BEIRUT -- Lebanon's U.S.-backed army on Saturday launched its biggest military operation yet against Islamic State militants, who in 2014 gained a foothold along the tiny Mediterranean country's border with Syria.
The long-awaited campaign aims to defeat IS in the group's border enclave and put an end to a terror threat that has loomed over Lebanon.
By the late afternoon Saturday, the army said it captured 12 square miles and killed 20 IS militants. It said 10 Lebanese soldiers were wounded.
Simultaneously, the Syrian army and its ally, the Lebanese Hezbollah group, are pushing to clear IS militants from the Syrian side of the border in the western Qalamoun mountain range. Hezbollah has been fighting alongside President Bashar Assad's forces in Syria since 2013.

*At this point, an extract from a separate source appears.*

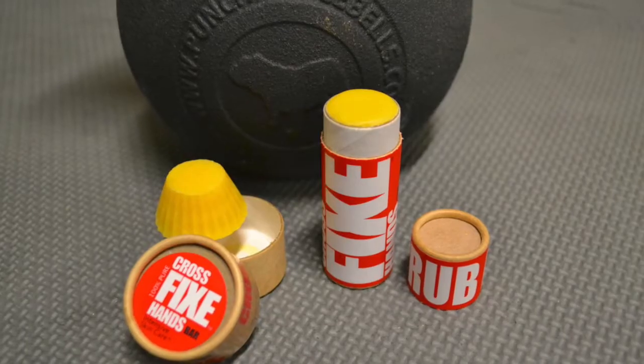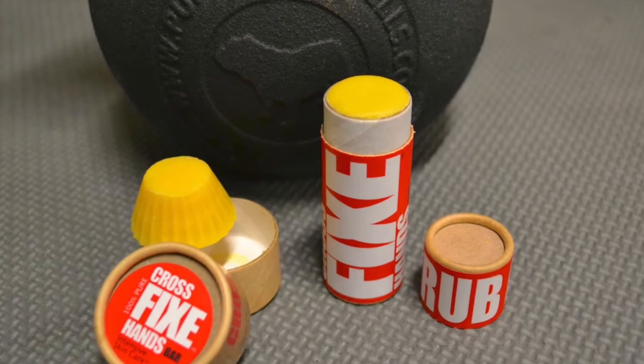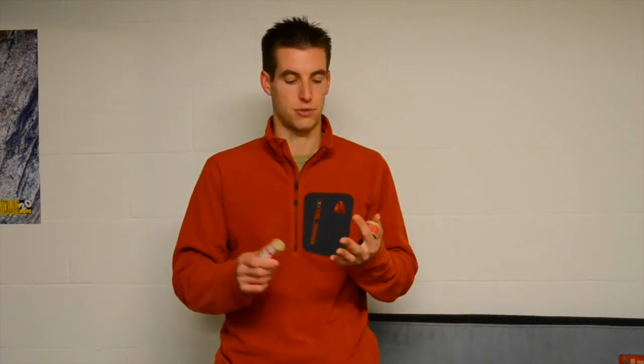The next product from Skin Nourishment is the CrossFix Hands products. These are currently marketed to CrossFitters because of the deep tears that they get from weightlifting with a bar or kettlebells and also doing high rep pull-ups. This is a good choice for weightlifters and CrossFitters because this is the softest of the bars, so it will be less painful to apply if you have a deep tear in your hands.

Lebanon denies it is coordinating its offensive with the Syrian government.
Lebanese President Michel Aoun called field commanders from the Defense Ministry where he was monitoring operations early to tell them, "You will not disappoint us" and "Our hearts and minds are with you," according to video broadcast on TV channels across the country.

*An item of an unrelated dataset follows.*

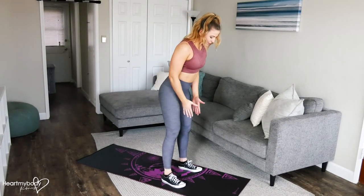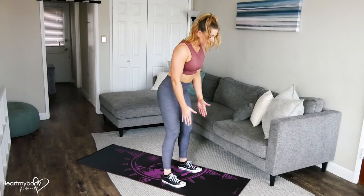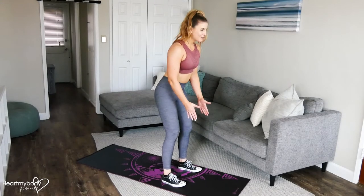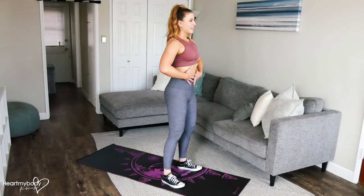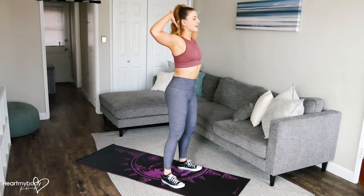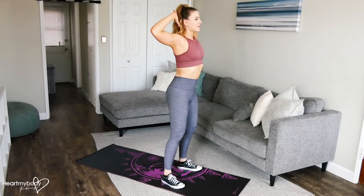Alright, so to start this movement, separate your feet parallel, hip width apart or a little bit wider. Turn your toes forward or slightly out to the side. Lift your chest up and engage your core. Place your hands behind your head with your elbows pressing away from each other and squeeze your shoulder blades together.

Operations commenced before dawn, with the military striking IS positions in the eastern border areas with Syria, Brig. Gen. Ali Qanso said at the Defense Ministry, warning of a difficult battle ahead.

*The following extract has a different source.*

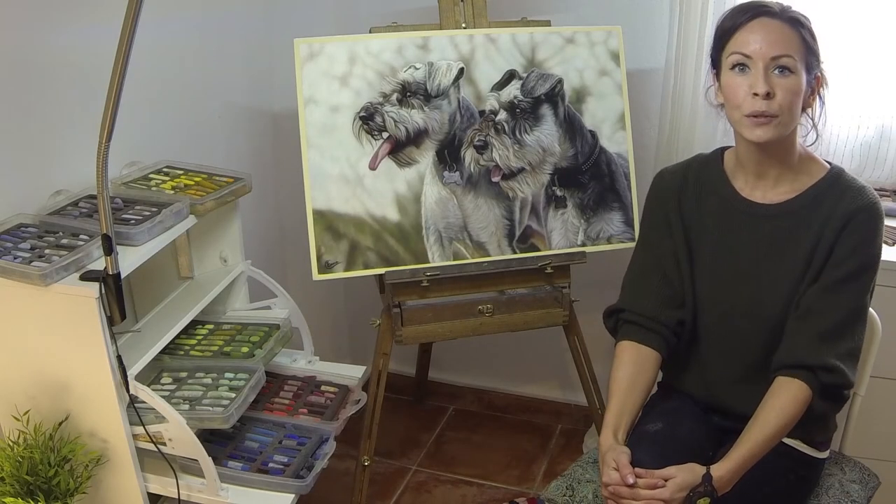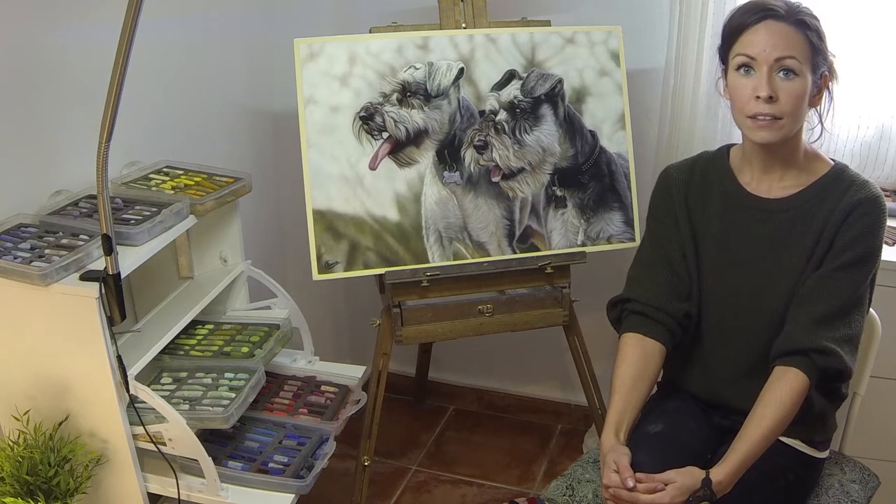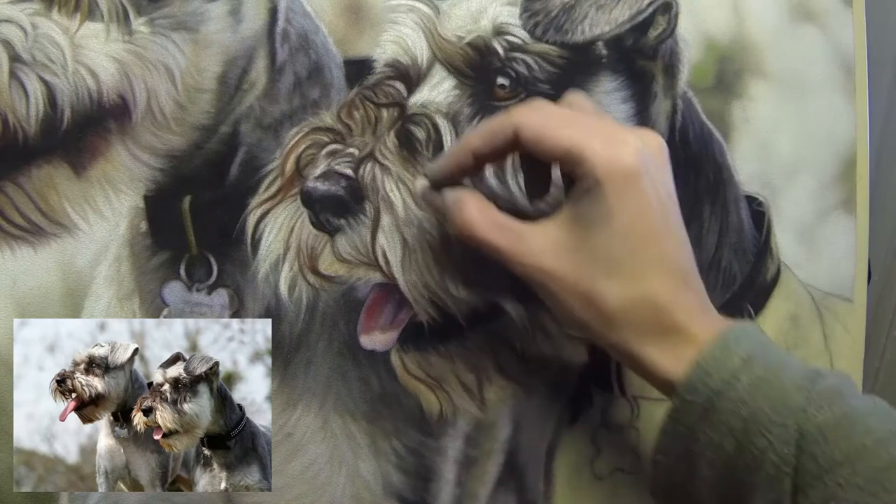Hi everyone! I thought I'd give you a quick tour and some close-ups of my recent portrait, and also let you know what's coming later this week with the launch of my new Patreon channel.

The barren hills in eastern Lebanon will leave infantry exposed to IS snipers, and the militants are expected to mine the area on a vast scale.
According to Central Military Media, a media outlet run jointly by Hezbollah and the Syrian army, a group of IS militants, including a self-styled "emir" or local commander, surrendered to the advancing Hezbollah and Syrian forces by midday in the Qalamoun region in Syria.
Qanso insisted the Lebanese army was not coordinating its moves with Assad's forces or the Hezbollah fighters -- a potential embarrassment for Washington, should its ally, the Lebanese military, be working closely with a group that the United States has classifies as a terror organization.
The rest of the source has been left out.